#### Task to carry out
Set down a word-for-word copy of the data below, limited to the lines from the first through the line with "Oval Lift Top".

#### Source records
------------

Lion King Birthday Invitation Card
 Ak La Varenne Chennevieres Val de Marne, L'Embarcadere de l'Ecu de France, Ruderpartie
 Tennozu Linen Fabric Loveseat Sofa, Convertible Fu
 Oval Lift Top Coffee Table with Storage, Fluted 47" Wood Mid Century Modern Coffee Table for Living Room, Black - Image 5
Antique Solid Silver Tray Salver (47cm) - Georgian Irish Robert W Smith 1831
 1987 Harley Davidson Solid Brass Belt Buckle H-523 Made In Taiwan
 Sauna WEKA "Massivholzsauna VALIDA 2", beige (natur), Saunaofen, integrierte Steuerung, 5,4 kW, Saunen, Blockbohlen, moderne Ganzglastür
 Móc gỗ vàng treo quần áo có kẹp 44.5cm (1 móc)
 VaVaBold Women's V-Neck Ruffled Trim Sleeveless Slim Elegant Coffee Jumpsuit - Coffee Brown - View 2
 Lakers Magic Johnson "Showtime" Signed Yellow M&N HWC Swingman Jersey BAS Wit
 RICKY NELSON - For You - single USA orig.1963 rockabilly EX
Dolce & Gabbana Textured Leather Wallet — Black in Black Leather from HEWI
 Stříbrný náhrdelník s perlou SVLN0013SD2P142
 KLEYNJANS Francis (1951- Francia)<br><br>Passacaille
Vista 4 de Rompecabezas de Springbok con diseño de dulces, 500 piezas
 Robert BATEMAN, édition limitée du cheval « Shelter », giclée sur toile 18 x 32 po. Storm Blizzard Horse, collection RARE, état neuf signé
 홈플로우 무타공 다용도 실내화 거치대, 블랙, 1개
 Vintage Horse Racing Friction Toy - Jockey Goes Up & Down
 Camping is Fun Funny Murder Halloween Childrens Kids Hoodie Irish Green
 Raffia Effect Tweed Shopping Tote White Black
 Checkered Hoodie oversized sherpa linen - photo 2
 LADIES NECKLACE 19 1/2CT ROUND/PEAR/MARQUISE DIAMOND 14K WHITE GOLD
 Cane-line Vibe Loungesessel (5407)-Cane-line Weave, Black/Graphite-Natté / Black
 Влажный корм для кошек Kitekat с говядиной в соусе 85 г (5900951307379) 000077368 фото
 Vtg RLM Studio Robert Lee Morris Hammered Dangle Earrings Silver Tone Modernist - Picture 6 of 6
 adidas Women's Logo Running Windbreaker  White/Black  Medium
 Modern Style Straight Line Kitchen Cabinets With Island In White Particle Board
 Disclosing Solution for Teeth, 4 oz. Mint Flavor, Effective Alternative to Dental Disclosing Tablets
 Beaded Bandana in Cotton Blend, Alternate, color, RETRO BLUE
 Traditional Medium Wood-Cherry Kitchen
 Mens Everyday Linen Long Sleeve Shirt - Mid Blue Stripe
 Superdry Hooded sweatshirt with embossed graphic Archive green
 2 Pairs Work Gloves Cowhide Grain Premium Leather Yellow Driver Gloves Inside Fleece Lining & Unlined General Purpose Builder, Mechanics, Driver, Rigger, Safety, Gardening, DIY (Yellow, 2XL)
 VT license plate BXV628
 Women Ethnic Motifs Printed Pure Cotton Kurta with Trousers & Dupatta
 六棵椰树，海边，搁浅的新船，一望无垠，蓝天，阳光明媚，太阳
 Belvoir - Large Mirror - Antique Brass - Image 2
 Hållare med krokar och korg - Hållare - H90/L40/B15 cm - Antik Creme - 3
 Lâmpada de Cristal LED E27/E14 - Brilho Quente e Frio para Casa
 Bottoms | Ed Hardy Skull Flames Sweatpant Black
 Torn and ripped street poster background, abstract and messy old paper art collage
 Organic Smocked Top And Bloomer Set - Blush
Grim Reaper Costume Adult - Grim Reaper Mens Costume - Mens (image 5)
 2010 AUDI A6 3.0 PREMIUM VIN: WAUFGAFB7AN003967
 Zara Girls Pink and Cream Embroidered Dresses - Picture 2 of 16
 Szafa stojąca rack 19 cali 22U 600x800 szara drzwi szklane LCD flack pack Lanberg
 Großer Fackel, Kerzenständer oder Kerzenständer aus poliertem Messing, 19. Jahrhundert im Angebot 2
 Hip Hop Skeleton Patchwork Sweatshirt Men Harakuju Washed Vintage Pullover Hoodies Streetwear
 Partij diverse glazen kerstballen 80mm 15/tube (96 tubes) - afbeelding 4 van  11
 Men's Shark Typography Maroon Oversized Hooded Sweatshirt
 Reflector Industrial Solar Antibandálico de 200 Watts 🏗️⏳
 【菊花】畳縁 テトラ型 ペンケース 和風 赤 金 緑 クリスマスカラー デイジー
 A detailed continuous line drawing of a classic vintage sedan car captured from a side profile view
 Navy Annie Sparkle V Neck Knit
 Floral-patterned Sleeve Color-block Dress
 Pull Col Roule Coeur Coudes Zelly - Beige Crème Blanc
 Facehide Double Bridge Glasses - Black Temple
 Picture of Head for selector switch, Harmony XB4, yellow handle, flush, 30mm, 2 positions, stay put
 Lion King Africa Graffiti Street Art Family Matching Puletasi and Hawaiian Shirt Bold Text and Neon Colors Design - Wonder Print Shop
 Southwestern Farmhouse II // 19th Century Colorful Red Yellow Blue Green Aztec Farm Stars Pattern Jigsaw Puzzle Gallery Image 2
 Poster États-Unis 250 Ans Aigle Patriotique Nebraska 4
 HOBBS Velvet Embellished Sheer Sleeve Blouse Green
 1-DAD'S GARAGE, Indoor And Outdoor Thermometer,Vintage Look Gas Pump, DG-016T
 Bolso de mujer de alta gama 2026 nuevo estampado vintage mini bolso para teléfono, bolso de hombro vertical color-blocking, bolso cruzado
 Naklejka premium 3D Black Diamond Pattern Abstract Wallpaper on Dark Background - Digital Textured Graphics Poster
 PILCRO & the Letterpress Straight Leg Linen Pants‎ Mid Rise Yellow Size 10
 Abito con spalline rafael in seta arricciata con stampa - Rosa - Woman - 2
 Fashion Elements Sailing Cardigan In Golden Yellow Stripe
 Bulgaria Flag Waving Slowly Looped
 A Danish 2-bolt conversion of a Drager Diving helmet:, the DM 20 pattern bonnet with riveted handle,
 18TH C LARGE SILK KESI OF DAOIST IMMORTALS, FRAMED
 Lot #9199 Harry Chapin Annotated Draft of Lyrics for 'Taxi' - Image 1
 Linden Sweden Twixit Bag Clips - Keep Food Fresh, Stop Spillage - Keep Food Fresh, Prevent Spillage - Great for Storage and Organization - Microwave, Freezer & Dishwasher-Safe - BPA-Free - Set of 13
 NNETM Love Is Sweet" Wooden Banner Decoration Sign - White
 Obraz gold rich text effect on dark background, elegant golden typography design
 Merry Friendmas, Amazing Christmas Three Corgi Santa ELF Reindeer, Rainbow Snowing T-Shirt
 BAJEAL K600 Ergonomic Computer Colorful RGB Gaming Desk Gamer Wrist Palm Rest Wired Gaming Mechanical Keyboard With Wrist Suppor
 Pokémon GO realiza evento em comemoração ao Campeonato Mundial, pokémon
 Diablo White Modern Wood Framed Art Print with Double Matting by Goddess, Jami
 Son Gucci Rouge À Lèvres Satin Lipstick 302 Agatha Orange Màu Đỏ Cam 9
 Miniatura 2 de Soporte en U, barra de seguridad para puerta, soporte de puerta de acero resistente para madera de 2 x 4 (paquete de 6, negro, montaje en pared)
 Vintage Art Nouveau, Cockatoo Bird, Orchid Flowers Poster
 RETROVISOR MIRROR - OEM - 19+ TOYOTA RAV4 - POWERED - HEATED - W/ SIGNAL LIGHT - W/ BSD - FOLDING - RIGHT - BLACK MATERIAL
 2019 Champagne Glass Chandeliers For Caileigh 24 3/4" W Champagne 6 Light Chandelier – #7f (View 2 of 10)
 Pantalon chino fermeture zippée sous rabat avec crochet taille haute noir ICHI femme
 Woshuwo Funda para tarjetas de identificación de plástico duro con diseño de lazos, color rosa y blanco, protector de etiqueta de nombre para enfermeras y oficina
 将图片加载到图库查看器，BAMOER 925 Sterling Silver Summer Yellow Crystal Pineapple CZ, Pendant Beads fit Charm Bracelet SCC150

------------

#### Your solution
Lion King Birthday Invitation Card
 Ak La Varenne Chennevieres Val de Marne, L'Embarcadere de l'Ecu de France, Ruderpartie
 Tennozu Linen Fabric Loveseat Sofa, Convertible Fu
 Oval Lift Top Coffee Table with Storage, Fluted 47" Wood Mid Century Modern Coffee Table for Living Room, Black - Image 5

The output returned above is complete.